May 29, 2009 on 1:43 pm by Michael Grey | In Humour, Pipe Bands, Solo Piping, Stories, Tips | Comments Off on Smiling on the Judges

I am not a big fan of judging. I mean by that, that I don’t generally get a lot of heel-clicking, raise-your-glass glee out of judging, assessing, pipe band (or solo piping) competitions. Done well, judging, or “adjudicating”, takes great concentration – in fact, its damned hard work. Hats off to those who have for years undertaken the judging challenge with aplomb and undisputable fairness.
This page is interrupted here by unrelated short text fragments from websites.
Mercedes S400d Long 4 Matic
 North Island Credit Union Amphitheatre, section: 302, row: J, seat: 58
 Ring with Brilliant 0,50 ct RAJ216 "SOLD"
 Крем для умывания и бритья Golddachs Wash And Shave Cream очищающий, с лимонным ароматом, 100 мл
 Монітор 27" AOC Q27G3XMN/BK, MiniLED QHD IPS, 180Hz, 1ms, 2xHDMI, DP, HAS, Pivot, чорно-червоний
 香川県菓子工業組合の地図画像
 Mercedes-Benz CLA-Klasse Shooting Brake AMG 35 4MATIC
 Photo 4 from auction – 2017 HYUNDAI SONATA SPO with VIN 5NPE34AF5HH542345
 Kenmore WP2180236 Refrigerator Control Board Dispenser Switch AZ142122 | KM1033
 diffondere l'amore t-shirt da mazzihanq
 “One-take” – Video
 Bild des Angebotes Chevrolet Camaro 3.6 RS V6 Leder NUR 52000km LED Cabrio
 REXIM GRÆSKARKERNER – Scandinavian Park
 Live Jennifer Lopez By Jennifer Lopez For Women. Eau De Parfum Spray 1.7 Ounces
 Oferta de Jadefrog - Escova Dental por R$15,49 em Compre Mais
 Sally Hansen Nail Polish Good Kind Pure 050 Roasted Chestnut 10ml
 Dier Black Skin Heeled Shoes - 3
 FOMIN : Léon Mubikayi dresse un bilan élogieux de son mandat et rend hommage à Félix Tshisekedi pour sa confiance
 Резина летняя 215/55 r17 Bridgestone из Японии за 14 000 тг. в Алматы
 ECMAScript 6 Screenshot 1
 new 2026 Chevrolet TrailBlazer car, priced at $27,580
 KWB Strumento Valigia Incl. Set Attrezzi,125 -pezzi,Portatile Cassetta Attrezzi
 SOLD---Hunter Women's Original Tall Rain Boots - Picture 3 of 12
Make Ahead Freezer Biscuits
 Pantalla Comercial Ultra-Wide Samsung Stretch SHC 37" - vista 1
Adjudicating: Listening, assessing and delivering a fair assessment of performance; all with supporting words that don’t offend, yet justify, and still illuminate – well, I say, that’s seriously hard work – hard work needed to be done well. And how many want to sign up for that on a day off work?

Stepping up to the role of pipe band/piping/drumming judge is a service. In fact, it’s an obligation. For people with piping and drumming credentials – meaning proven in-the-trenches-experience – it is a service. The competition system is currently at the core of pipe band and solo piping excellence and depends on the good service of engaged – and qualified – adjudicators.

But, man, it ain’t easy.

I was hard at it (doing my best) judging a contest in Kingston, Ontario, Canada, last Saturday and, following the contest, someone came up to me and said, “I could guess your result, in the grade X, I saw you smile when ______ band played “Fleshmarket Close” [a tune I made]“).

Holy #%$@. I smiled, apparently! Arrest me. That comment reminded me or, “sowed home”, as the late, great, Scott MacAulay might’ve said, that no matter what action, decision or, it seems, facial expression, a judge makes, an outside assessment of perceived ulterior motivation will almost always be made. This truth makes the role even less attractive.

But let’s remember one of the core realities of our competitive game: judges are always perceived to have bias – even if that bias is for a style or particular performance approach.

I suggest that it’s that “good” bias for which we hire judges. We want them to draw on their proven experience, their understanding of what makes up a performance of merit, their ability to know the difference between good and excellent musical interpretation. We look for that and we look for them to deliver an even-handed assessment.

Simply put: We hire judges for their musical perspective and their considered musical judgement. We don’t hire judges for their poker faces.